Alors que le débat public est confisqué par la valse morbide de la droite et de l’extrême-droite, les forces politiques progressistes semblent en voie de marginalisation, de fragmentation, de disparition. Notre génération de militants a rendez-vous avec l’histoire, la mauvaise. Si elle n’est pas certaine, l’issue la plus probable à la crise sociale, politique, démocratique, que nous traversons est l’arrivée au pouvoir en 2027 de l’extrême-droite, sans parler des catastrophes géopolitiques ou environnementales qui nous mènent au bord du gouffre.
… mais bien renforcer le syndicalisme et l’organisation du salariat dans son ensemble !
La FSU peut ainsi oeuvrer utilement au maintien du cadre de l’intersyndicale, pour mener les luttes, bien sûr, mais aussi pour contribuer à l’élaboration d’alternatives économiques et sociales crédibles, à vocation majoritaire, sous la forme d’une plateforme revendicative qui soit mise en débat avec les forces progressistes : le mouvement associatif, les intellectuels, les chercheurs … Il est de notre responsabilité de représentants du salariat de proposer, à partir du germe que représente l’intersyndicale de 2023, une démarche unitaire dans la durée qui vise à élaborer une plate-forme revendicative qui rassemble les salariés et qui réponde tout à la fois aux ravages des politiques libérales radicalisées et à ceux à venir de l’extrême-droite nationaliste et raciste. « L’Alliance écologique et sociale » mais aussi « le Pacte pour le pouvoir de vivre » sont des tentatives, des exemples de ce qu’on pourrait faire, à la condition d’agir dans l’unité.

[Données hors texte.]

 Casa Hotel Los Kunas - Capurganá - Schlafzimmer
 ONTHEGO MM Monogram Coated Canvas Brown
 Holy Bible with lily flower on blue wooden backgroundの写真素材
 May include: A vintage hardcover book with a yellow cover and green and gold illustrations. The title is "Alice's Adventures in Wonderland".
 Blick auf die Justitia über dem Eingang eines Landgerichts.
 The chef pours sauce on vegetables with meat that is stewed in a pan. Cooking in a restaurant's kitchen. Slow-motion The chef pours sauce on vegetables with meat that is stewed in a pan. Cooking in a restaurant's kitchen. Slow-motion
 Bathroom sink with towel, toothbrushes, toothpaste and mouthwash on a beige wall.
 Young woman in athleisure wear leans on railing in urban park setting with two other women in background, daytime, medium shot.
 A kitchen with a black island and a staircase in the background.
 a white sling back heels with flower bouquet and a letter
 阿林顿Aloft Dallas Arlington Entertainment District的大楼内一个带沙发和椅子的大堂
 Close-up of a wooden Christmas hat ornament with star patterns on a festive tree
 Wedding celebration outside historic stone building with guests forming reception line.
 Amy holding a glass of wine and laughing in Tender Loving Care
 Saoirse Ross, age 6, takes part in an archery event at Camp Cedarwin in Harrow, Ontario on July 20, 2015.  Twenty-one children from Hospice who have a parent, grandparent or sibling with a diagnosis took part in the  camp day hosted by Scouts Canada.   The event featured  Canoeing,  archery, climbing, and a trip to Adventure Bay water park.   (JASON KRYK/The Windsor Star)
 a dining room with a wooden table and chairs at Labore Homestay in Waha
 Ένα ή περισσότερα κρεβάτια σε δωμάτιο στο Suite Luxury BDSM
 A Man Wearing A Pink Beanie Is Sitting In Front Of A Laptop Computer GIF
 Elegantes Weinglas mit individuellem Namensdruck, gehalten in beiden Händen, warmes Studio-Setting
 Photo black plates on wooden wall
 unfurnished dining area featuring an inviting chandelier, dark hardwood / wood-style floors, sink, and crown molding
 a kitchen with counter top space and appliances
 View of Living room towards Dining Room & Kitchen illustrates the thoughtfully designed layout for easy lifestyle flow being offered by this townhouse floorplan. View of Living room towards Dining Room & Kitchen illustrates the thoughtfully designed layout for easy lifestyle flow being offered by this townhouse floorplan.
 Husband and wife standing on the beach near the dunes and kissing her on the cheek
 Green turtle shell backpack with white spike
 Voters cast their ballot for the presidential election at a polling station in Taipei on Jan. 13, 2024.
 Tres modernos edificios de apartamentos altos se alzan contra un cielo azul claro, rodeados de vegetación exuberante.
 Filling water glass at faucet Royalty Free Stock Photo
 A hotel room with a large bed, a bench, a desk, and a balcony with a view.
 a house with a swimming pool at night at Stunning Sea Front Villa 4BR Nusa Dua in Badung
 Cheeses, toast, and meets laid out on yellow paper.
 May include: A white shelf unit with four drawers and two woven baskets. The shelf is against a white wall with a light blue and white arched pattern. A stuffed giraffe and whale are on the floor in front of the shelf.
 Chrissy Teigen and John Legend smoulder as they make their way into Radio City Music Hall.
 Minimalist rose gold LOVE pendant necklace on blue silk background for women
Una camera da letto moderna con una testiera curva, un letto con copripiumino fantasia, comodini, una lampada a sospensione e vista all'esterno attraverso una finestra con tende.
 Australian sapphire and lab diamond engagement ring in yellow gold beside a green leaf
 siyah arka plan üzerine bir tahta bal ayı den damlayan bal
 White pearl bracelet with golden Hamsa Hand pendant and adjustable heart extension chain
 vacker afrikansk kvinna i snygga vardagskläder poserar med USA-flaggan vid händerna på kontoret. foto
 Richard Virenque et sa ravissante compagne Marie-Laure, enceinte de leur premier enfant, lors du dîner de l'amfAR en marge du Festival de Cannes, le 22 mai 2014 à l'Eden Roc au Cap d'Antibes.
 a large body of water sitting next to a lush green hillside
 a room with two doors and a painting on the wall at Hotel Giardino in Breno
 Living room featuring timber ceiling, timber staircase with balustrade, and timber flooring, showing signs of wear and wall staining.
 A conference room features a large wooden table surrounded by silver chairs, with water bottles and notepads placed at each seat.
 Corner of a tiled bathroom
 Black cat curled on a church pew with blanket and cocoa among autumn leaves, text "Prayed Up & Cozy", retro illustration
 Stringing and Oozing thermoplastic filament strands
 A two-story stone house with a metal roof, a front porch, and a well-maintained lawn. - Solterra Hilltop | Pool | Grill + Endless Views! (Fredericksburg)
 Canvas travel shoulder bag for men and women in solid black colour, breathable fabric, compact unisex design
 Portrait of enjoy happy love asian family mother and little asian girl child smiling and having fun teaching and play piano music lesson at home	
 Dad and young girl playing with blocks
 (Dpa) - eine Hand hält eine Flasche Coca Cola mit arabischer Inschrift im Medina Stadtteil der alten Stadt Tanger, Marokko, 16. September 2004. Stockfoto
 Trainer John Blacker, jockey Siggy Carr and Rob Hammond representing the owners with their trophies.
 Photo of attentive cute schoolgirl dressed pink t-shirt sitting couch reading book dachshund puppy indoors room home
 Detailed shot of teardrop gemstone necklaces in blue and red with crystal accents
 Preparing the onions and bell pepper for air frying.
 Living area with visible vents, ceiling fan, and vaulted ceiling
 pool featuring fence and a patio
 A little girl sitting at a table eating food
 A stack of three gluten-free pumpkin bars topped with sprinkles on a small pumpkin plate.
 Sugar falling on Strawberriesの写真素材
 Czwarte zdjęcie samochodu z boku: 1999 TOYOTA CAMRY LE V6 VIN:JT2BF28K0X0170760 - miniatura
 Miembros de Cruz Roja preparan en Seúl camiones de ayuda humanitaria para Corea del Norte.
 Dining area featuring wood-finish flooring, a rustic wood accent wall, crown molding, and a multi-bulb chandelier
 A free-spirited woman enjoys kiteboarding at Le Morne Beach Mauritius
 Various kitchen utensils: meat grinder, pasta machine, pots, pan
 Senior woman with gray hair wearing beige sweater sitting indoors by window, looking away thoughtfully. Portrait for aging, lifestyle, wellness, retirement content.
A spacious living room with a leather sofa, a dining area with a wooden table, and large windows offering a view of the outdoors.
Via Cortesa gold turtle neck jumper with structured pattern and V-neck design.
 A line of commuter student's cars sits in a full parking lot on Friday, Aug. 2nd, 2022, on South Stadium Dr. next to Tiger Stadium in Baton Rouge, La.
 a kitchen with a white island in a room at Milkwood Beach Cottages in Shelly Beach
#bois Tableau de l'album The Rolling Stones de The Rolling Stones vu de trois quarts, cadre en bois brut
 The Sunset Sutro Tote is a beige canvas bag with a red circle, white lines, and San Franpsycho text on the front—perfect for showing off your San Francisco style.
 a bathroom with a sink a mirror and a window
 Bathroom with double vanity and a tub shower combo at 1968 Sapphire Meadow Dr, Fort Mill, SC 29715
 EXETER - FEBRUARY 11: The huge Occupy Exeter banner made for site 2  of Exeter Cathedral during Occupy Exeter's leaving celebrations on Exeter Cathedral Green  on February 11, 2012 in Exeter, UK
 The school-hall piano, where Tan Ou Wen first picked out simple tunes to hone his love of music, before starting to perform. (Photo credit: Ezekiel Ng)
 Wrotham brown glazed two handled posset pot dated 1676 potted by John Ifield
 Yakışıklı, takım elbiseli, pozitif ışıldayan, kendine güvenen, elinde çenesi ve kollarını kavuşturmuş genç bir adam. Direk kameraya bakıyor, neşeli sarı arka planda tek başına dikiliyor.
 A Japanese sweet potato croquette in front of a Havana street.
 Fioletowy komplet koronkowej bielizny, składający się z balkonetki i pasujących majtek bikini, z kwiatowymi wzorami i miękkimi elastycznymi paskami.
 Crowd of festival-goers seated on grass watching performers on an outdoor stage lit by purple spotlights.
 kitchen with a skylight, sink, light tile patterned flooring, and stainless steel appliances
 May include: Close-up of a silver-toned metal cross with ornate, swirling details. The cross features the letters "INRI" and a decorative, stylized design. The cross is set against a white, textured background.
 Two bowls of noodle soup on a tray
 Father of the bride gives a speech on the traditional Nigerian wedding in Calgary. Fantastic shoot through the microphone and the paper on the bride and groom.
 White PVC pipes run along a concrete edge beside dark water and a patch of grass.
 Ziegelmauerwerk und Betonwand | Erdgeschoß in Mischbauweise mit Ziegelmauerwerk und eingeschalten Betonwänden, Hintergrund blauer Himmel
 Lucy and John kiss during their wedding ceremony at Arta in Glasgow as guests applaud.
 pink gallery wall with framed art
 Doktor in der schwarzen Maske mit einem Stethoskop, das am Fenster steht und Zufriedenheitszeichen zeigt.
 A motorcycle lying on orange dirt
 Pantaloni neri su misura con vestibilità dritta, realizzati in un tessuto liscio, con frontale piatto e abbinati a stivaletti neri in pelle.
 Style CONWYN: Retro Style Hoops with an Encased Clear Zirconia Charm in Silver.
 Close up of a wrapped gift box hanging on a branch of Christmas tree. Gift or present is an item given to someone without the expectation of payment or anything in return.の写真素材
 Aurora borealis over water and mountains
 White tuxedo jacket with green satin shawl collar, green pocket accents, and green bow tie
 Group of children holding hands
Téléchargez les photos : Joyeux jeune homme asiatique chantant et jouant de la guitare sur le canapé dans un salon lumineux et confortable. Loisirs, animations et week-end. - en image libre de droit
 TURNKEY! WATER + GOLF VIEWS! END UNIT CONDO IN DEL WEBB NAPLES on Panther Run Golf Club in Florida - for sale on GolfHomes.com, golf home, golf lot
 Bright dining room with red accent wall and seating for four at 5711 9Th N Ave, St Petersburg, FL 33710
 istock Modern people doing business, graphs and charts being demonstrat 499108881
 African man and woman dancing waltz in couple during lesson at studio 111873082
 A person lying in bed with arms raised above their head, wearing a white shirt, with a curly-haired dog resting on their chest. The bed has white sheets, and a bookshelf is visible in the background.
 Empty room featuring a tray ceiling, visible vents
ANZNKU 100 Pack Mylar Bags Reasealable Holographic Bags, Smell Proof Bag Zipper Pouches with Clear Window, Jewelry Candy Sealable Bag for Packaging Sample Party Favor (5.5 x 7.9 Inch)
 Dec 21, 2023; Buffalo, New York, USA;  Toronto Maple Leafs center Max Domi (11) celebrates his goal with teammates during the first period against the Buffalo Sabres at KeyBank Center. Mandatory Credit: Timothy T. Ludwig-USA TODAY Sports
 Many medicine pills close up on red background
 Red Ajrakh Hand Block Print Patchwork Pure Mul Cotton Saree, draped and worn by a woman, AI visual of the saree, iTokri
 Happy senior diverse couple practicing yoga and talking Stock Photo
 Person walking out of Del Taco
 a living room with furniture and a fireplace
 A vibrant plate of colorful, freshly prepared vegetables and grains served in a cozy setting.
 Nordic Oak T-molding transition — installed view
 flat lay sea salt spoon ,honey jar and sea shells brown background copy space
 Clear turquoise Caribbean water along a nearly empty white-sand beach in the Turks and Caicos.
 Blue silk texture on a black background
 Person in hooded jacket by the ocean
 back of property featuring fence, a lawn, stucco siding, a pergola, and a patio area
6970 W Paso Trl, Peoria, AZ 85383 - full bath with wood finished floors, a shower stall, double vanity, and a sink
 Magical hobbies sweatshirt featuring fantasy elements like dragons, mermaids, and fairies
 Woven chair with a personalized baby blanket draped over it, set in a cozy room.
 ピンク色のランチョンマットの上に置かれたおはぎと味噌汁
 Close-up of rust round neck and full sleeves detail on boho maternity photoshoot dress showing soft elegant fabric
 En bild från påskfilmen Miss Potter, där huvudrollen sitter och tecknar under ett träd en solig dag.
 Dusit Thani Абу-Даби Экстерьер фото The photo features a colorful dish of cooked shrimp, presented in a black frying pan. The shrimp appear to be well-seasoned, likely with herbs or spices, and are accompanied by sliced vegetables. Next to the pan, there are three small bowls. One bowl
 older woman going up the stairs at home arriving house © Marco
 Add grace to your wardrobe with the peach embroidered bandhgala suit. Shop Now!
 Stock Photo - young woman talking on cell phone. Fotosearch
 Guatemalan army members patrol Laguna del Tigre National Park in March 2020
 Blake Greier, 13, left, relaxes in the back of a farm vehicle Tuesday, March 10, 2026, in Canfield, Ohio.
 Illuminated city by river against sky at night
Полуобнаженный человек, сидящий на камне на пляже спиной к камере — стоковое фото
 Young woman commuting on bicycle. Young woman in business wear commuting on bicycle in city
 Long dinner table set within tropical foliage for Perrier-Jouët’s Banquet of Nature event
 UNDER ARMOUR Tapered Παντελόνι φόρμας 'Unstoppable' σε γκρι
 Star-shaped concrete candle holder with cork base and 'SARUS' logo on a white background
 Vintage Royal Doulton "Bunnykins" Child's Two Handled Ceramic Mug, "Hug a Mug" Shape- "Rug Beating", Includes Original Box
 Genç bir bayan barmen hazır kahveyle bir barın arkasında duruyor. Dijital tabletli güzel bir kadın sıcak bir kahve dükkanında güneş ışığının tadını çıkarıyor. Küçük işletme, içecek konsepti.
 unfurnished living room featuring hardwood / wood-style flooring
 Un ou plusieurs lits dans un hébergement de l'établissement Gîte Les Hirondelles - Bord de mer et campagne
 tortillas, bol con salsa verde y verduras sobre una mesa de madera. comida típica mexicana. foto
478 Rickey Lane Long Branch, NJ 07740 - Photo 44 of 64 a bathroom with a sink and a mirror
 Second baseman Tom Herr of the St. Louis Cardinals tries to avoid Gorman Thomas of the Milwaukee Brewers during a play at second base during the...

C’est à ce prix, celui de la refondation d’un programme de mandature qui soit charpenté par une plateforme revendicative unitaire, qu’un changement du rapport de force politique redeviendra possible en 2027.
C’est au prix de ce travail d’élaboration, vraiment unitaire parce que sans exclusive, sur la formation et l’emploi, les qualifications, les services publics, la jeunesse, le féminisme, la précarité, l’environnement, le financement de la dépense publique, la démocratie et la démocratie sociale …qu’un nouvel outil syndical pourrait prendre forme à terme.
1Dans la confédération, l’éducation nationale et le supérieur ne sont pas dans la même fédération que la fonction publique territoriale, ni que les autres ministères.